§ **DATASET EXTRACT**:
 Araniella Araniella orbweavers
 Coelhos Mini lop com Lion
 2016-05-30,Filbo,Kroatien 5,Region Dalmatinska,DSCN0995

§ **WORK ITEM**: Please retype the data, matching it exactly.

§ **SOLUTION**:
 Araniella Araniella orbweavers
 Coelhos Mini lop com Lion
 2016-05-30,Filbo,Kroatien 5,Region Dalmatinska,DSCN0995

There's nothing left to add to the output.